ACTION ITEM: All lines in the material with the string "Đừng" should be listed.

=-=-=

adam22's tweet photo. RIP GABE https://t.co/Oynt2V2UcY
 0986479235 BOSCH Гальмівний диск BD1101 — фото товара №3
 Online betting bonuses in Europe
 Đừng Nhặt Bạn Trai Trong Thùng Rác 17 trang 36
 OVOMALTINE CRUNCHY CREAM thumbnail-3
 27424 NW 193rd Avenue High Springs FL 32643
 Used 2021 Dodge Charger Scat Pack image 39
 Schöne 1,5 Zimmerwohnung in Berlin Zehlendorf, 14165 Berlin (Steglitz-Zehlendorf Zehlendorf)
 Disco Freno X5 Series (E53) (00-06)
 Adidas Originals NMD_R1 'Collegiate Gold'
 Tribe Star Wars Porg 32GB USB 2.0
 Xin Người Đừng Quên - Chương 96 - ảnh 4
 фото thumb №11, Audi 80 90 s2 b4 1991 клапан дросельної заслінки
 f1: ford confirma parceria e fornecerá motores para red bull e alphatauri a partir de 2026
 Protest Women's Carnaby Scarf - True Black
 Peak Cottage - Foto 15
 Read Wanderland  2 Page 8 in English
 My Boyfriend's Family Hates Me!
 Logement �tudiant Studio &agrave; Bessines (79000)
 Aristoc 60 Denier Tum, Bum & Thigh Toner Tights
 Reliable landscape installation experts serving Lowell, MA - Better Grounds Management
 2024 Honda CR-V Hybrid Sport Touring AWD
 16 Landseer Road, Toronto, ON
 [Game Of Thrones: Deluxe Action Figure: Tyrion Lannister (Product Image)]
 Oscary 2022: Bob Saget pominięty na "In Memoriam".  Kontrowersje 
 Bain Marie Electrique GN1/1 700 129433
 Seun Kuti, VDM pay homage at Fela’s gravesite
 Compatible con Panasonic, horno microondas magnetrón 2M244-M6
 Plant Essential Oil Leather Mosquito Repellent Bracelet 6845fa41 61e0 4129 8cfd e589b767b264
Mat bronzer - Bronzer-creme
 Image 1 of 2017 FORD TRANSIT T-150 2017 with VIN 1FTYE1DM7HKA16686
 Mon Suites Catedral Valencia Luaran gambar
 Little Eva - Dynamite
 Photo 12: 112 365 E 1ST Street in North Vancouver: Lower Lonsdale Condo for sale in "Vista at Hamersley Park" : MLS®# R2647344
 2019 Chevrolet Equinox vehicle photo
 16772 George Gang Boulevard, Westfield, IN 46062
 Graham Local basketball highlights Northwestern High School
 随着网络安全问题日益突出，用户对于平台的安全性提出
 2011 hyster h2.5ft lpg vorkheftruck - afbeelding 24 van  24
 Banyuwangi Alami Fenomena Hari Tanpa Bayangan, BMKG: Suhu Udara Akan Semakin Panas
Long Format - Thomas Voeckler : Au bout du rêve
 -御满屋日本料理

=-=-=

ANSWER FOR THE TASK:
 Đừng Nhặt Bạn Trai Trong Thùng Rác 17 trang 36
 Xin Người Đừng Quên - Chương 96 - ảnh 4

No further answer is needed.